First, in 1964, Martin Luther King, Jr. received the Nobel Peace Prize, making him the youngest recipient of the prestigious award at the age of 35. The award can be viewed at The King Center, along with many other exhibits dedicated to memorializing the pivotal role that Martin Luther King, Jr. and the city of Atlanta played in the Civil Rights Movement. The King Center is actually a part of the Martin Luther King National Historic Site, which preserves many locations that were important to Martin Luther King’s life, including his childhood home, the church where he preached, and the gravesites for both him and his wife. If you’re looking to see a lot in a short amount of time, I recommend using the recently published article, “9 Key Stops on a Civil Rights Tour of Atlanta,” as a guide.
Second, in 2002, former President Jimmy Carter received the Nobel Peace Prize which is now housed in the Jimmy Carter Presidential Library and Museum. This center includes many exhibits dedicated to Carter’s work as President of the United States, as well as his role as a global activist and philanthropist. It borders scenic gardens overlooking the downtown skyline and plays host to a constant cycle of “free and open to the public” readings and books signings by a variety of influential authors. (It’s also a very nice spot for an outdoor picnic if the day should be warm, as we are lucky enough here in Atlanta to periodically experience even during February.)
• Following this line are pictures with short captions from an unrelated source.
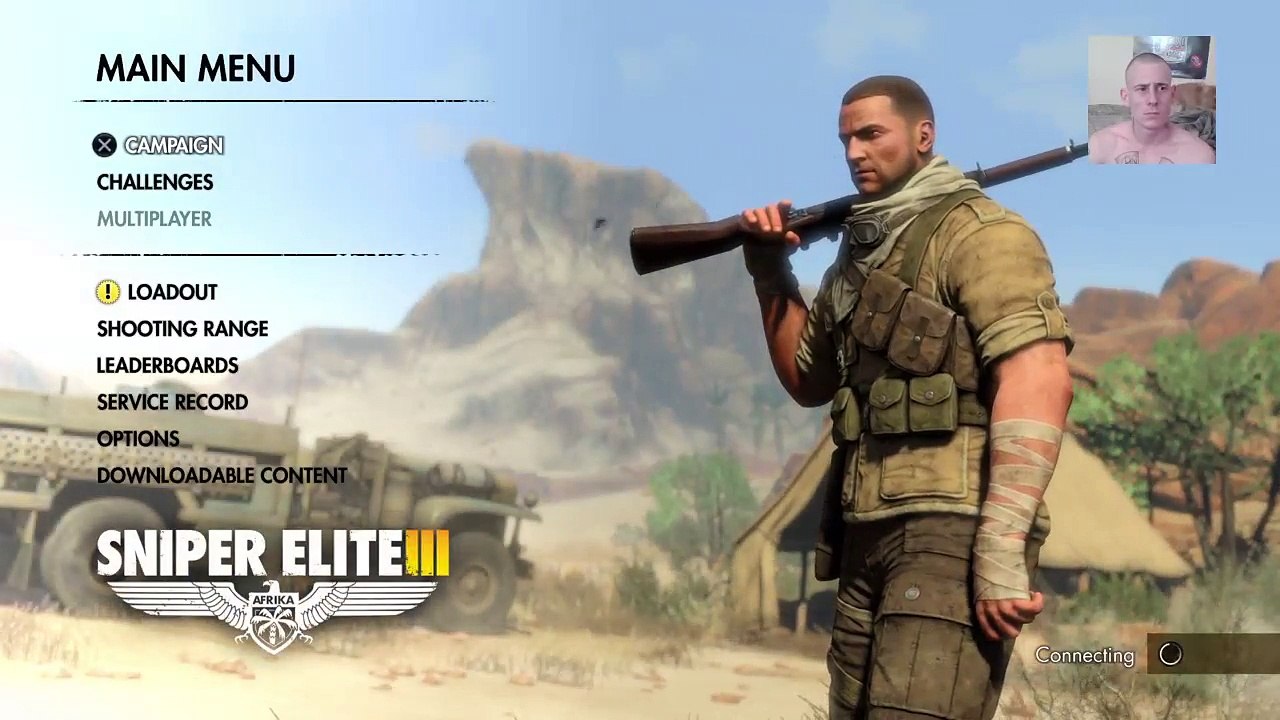 SNIPER ELITE 3 , sunday chill ,  ASSASSIN-OBH's Live PS4 Broadcast (4)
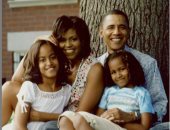 ميشيل أوباما تحتفل بعيد الفصح بصورة مع عائلتها من دولاب الذكريات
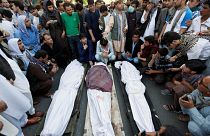 دستکم چهار کشته در پی درگیری در تظاهرات کابل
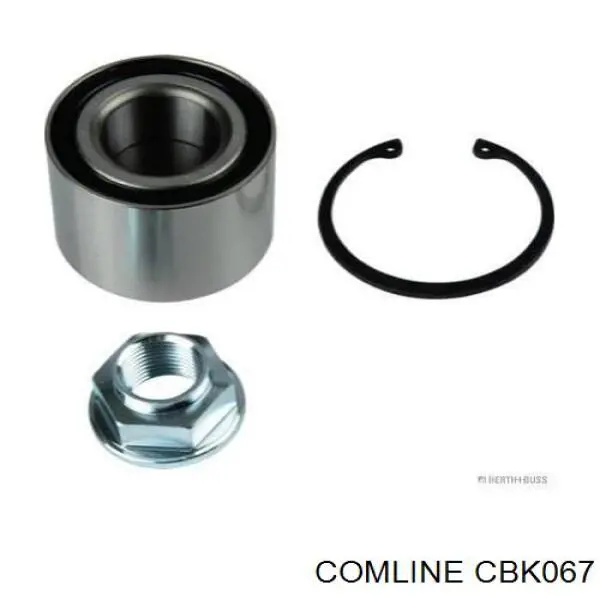 CBK067 Comline cojinete de rueda trasero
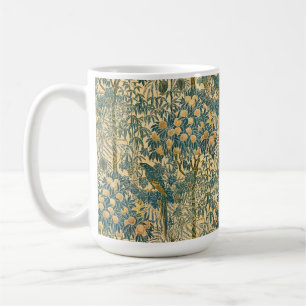 Vintage Walter Crane Ara und Zitrusfrucht Kunst Kaffeetasse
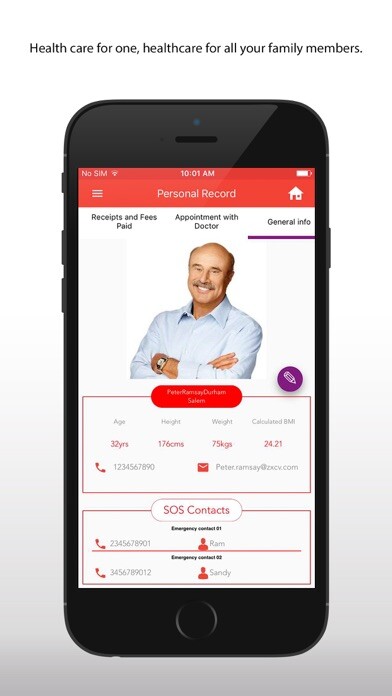 Emulate iPhone app My Personal Health using MyAndroid Emulate iPhone app My Personal Health using MyAndroid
Located less than two miles away from each other, The King Center and the Jimmy Carter Presidential Library, and their namesakes, have immortalized Atlanta’s role in the history of this country and of the world. No matter your age, background, or beliefs, there is a lot to learn in the history of this city, and I hope you get to know it. After all, it’s just three chords and the truth.
‘Til next month,
Farish Jerman 11C*
Senior Admission Counselor
Office of Undergraduate Admission
* Emory uses these abbreviations to designate graduation year. For example, Farish graduated from Emory College of Emory University in 2011.